Jacksonville native now goalkeeper for Armada FC

Jacksonville native now goalkeeper for Armada FC
Jacksonville Armada FC goalkeeper Kyle Nasta makes a save during a recent practice session. Nasta, a graduate of Episcopal High and UNF, is the first player to move from the Armada’s development program to its professional team.

As a pioneer moving from the team’s development program to its highest-level professional squad, Kyle Nasta feels a sense of pride and responsibility each time he dons the Jacksonville Armada Football Club’s navy blue and white kit.

After starting six games for the Armada’s Under-23 development squad last year, the Episcopal School of Jacksonville and University of North Florida graduate finished with a 1.77 goals-against average and helped lead his side to a second-place finish in the NPSL Sunshine Conference. The Jacksonville native was then called up to the pro team in September 2016 as its first-ever signee from within the team’s U-23 program.

“Kyle has made great strides. He’s definitely shown a little bit of presence, a little bit of authority back there which is good,” said second-year Armada FC head coach Mark Lowry. “He’s able to learn from [starter] Caleb Patterson-Sewell, who has a lot of experience and has been a good teacher.

“Now we’re at a point where we’re comfortable with Kyle if Caleb gets injured, or, like a couple of weeks ago when Caleb had a suspension, we’re more than comfortable with Kyle Nasta stepping in there. He has definitely cemented himself in the squad. The guys like him and he can only get better from this point on.”

Nasta, 23, first started playing soccer at about six years old and progressed through Jacksonville Futbol Club youth programs. He also played baseball as a youngster and credits that sport with helping develop skills that have aided his soccer career.

“I think wanting to be a goalkeeper came from my baseball roots, because in baseball it’s a lot of hand-eye coordination,” Nasta said. “So, it kind of transferred to soccer very well and I was able to make saves and learn how to use my body and dive around and have that hand-eye coordination.”

A Mandarin native, he attended Mandarin High for a year but switched to Episcopal as a sophomore.

“They have a good soccer program, so it was a really tough decision to leave Mandarin and go to Episcopal,” Nasta explained. “But actually, in choosing Episcopal it was all about the academic side. My parents and I thought it would be a better situation for the future to go to Episcopal because it has such a rigorous curriculum. I made that switch purely for academics; the soccer was just a plus.”

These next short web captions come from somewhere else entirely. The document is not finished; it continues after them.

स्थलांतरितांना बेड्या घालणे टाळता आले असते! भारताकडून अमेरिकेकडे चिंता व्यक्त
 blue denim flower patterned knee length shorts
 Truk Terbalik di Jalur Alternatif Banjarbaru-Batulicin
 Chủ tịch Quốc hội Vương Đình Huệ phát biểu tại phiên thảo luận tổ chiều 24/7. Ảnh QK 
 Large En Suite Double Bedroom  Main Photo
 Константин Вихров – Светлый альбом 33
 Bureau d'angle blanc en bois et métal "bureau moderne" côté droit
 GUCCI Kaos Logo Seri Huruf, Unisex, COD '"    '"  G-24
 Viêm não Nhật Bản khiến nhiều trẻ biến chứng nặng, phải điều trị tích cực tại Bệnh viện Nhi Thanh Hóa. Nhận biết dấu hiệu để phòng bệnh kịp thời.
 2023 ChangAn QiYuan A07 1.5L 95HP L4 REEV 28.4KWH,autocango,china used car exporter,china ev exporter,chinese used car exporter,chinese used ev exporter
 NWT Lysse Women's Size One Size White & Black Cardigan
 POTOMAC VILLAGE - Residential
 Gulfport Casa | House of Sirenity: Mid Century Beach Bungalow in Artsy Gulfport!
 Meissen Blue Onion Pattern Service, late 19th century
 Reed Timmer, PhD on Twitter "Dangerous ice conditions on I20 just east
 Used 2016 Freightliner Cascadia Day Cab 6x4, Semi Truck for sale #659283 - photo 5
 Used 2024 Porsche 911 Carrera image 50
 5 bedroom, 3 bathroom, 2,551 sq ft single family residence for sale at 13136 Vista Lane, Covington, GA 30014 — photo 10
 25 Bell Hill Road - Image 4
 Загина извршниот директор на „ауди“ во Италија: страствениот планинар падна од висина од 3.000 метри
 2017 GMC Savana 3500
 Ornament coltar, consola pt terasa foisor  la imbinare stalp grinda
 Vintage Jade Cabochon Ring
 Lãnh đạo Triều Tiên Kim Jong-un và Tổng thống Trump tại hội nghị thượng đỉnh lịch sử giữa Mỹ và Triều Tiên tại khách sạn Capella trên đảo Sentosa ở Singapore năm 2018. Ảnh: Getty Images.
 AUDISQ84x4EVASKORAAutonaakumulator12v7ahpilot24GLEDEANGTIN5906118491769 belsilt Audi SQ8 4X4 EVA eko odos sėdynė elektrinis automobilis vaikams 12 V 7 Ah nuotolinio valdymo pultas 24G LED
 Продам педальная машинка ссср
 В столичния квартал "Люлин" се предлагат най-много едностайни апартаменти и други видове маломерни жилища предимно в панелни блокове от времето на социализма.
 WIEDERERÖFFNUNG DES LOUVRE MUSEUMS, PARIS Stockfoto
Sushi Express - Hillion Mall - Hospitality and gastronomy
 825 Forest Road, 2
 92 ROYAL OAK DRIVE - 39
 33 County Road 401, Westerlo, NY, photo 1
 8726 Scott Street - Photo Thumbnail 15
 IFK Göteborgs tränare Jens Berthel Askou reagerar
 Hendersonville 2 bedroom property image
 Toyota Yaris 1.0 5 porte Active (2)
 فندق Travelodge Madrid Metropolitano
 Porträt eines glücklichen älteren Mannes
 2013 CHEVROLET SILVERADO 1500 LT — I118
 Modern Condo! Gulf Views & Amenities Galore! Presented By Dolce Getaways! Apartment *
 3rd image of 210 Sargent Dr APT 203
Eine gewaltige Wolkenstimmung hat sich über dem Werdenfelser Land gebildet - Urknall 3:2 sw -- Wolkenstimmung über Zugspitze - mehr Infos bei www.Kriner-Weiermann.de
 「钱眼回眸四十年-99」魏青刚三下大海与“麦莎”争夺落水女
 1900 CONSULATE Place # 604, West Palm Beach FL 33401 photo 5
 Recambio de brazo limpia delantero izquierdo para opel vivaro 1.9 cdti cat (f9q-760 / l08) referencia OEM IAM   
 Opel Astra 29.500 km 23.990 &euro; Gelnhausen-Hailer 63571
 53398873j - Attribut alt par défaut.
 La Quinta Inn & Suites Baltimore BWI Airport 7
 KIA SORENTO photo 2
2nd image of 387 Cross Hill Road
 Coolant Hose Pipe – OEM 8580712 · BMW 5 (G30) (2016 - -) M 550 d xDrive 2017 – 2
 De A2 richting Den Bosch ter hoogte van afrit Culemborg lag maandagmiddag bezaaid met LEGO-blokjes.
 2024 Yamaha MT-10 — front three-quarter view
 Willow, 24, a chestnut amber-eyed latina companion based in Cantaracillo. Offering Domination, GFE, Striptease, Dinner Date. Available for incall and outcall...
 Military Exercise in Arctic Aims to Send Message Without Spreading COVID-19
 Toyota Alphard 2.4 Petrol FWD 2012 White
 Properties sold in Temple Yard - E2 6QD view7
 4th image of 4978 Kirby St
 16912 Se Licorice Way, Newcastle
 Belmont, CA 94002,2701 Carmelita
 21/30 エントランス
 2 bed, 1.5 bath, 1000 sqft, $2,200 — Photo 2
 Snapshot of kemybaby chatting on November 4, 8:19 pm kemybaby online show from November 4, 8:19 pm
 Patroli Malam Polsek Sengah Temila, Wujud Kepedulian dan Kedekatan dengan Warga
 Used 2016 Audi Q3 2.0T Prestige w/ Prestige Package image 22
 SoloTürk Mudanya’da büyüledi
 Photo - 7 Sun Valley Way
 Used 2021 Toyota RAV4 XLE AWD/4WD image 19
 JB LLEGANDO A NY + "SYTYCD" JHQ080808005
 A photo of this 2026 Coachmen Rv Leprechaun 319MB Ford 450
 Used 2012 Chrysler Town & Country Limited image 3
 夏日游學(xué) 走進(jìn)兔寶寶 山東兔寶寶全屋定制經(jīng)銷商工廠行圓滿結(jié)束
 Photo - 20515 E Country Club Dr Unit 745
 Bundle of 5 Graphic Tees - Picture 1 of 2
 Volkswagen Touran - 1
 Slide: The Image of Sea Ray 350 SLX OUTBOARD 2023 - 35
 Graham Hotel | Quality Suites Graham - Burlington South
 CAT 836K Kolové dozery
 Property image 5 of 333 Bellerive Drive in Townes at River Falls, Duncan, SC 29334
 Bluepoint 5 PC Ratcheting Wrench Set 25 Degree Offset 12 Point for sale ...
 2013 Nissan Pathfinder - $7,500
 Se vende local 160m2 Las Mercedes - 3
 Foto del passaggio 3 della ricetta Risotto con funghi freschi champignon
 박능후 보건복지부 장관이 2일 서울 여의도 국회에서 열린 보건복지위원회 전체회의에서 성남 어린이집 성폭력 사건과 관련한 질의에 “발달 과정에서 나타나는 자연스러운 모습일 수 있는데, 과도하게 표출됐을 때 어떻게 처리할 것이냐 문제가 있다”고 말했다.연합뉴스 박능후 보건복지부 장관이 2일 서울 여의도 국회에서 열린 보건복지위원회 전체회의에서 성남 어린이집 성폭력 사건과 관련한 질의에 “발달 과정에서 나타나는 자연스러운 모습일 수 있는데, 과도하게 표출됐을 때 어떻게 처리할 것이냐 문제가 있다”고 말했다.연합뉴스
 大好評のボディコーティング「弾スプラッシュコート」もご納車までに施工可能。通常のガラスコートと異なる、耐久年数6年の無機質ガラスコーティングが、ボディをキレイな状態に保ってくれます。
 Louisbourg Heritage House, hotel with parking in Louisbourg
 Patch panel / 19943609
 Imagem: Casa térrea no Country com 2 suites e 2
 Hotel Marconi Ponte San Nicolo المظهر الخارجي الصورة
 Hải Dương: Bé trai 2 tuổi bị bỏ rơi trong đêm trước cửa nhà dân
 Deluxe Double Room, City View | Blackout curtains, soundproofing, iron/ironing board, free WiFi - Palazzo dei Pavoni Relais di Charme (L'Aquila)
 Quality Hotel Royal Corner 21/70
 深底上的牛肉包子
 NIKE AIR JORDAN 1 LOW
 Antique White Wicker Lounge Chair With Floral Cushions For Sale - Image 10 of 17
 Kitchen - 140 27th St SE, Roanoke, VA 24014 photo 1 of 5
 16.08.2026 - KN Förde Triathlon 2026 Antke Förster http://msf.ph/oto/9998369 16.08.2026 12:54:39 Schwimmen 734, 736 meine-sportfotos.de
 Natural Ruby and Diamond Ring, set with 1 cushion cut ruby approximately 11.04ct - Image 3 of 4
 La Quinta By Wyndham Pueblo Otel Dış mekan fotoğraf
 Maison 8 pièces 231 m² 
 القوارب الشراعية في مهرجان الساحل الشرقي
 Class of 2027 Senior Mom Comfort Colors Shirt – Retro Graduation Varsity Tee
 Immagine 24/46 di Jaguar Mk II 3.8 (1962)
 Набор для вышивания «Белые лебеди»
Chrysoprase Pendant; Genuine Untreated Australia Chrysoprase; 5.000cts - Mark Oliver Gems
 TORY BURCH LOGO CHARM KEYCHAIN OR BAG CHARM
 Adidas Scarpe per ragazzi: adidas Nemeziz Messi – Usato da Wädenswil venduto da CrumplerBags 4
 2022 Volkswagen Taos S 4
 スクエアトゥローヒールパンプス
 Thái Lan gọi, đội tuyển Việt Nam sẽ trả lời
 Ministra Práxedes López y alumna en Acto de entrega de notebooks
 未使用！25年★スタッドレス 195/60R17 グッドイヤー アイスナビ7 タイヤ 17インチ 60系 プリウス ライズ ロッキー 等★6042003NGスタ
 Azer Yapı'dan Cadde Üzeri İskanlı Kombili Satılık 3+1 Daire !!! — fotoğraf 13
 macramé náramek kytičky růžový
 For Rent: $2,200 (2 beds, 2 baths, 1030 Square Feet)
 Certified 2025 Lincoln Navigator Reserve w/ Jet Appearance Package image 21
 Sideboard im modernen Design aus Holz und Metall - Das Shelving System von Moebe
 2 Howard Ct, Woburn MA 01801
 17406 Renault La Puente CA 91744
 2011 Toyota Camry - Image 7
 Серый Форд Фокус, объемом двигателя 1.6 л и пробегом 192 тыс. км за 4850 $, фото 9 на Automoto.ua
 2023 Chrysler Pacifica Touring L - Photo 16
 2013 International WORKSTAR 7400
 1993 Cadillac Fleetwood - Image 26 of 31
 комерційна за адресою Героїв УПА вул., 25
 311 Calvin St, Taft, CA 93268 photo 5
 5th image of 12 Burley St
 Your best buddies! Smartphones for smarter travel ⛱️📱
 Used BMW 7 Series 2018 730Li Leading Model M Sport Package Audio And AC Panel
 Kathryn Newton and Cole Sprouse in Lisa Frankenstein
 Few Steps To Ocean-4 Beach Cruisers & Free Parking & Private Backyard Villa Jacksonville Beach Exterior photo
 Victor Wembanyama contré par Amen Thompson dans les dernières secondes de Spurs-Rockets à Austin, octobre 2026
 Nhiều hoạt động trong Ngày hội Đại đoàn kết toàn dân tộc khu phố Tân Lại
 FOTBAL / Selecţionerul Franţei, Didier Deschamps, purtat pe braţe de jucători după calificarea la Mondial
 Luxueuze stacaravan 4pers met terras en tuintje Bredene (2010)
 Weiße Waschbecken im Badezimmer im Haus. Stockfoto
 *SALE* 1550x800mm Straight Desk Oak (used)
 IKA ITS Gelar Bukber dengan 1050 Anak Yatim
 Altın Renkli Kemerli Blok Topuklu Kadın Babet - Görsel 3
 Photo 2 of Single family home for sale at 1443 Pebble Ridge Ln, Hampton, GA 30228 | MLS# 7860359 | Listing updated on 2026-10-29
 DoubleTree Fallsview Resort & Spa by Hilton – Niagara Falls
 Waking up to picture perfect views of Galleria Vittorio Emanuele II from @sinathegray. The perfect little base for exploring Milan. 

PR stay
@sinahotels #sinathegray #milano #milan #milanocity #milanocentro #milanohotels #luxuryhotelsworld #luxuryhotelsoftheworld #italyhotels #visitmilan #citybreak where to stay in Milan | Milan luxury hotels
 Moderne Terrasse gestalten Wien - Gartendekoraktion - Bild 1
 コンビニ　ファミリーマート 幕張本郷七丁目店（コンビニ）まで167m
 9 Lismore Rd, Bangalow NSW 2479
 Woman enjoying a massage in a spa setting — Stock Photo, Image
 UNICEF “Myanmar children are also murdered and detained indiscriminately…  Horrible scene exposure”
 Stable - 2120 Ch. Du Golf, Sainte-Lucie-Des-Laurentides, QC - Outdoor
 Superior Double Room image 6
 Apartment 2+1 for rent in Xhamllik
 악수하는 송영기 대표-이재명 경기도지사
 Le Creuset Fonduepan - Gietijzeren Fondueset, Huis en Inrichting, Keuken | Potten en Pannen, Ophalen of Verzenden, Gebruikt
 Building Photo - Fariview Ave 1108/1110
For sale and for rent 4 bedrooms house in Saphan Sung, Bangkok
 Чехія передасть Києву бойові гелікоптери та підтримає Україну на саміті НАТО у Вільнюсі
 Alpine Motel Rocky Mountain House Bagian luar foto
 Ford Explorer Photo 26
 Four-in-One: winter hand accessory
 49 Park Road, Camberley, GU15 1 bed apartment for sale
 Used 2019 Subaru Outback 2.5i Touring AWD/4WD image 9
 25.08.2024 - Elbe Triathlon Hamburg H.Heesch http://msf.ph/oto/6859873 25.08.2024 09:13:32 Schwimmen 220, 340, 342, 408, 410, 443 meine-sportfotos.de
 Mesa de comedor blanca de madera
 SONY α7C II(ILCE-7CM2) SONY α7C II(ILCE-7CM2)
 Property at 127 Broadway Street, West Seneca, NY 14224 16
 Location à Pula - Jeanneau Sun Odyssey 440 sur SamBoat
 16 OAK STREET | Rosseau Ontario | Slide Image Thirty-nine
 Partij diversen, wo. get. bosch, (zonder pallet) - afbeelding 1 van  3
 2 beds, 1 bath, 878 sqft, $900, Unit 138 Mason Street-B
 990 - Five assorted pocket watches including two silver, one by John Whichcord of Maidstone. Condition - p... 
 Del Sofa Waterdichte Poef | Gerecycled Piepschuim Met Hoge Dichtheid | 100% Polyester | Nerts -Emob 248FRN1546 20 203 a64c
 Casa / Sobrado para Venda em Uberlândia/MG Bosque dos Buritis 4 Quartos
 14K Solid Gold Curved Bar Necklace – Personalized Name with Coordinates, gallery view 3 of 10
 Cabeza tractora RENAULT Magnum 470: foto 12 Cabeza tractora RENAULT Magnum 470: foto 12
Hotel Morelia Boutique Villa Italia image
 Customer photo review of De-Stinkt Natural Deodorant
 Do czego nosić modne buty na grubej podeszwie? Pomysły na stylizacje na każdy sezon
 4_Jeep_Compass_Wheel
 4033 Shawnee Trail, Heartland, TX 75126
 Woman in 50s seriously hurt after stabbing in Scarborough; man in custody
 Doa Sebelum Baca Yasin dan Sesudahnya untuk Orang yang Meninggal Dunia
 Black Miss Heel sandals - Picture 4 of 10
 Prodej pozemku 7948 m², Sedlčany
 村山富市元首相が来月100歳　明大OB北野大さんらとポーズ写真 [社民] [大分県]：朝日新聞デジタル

Recruited by a few colleges in North Carolina, Nasta instead opted for UNF where he earned a degree in sports management. On the field for the Ospreys, he earned distinction as a two-time All-Atlantic Sun Conference selection, was named ASUN Goalkeeper of the Year in 2014 and finished as the school’s Division I career leader in saves (150), wins (18) and shutouts (10).

“During the summers, I played here at the National Premier Soccer League, which is like a third division league in soccer,” said Nasta. “I would come out here and play for the Armada U-23 team so I was developing during the summer. The coaches for the first team here saw what I could do whenever their goalkeeper, the first-team goalkeeper got hurt, and I was able to come up through the system and be able to make my way onto the first team.

“In many ways, it’s all about timing in this sport. I’ve been fortunate in that regard. You also have to show people that you’re willing to learn and work hard for what you want.”

In Lowry’s estimation, Nasta is already among the top North American Soccer League goalkeepers in at least one category. “His shot stoppage, in terms of saves that he can make,” said Lowry, a native of Great Britain who played for English clubs Stafford Rangers, Halesowen Town and Hereford United. “His agility, in close quarters, to pull off those reaction-type saves – it’s up there with the best of them. In my opinion, he’s probably the best shot-stopper in the league and I include all goalkeepers.

“Now, there are other things that go into goalkeeping. It’s not just saving shots nowadays. You have to be good with your feet, you have to be a good communicator, you have to manage the game, to show bravery in certain situations and those are things he can improve upon. But we’ve definitely seen a massive progression in his all-around game.”

In addition to the satisfaction of representing his hometown on the pitch, Nasta also feels a sense of responsibility. He has worked with youngsters as a goalkeeper coach in Armada FC youth programs, seeing a bit of himself in the faces of kids who aspire to emulate his success.

“Jacksonville is a great place. It’s a diverse community so it’s a very cool city that’s also sports oriented,” he noted. “This is the city where I grew up so I want to represent my city well. It’s pride and responsibility in terms of being a member of the Armada.

“This has been a great experience. Before, I’d never been in a professional environment, so being exposed to this type of intensity every single day is great. Day in and day out you have to bring what you have to the table. So that’s really been something good for me to be able to build proper habits, to help build my career and work towards the future.”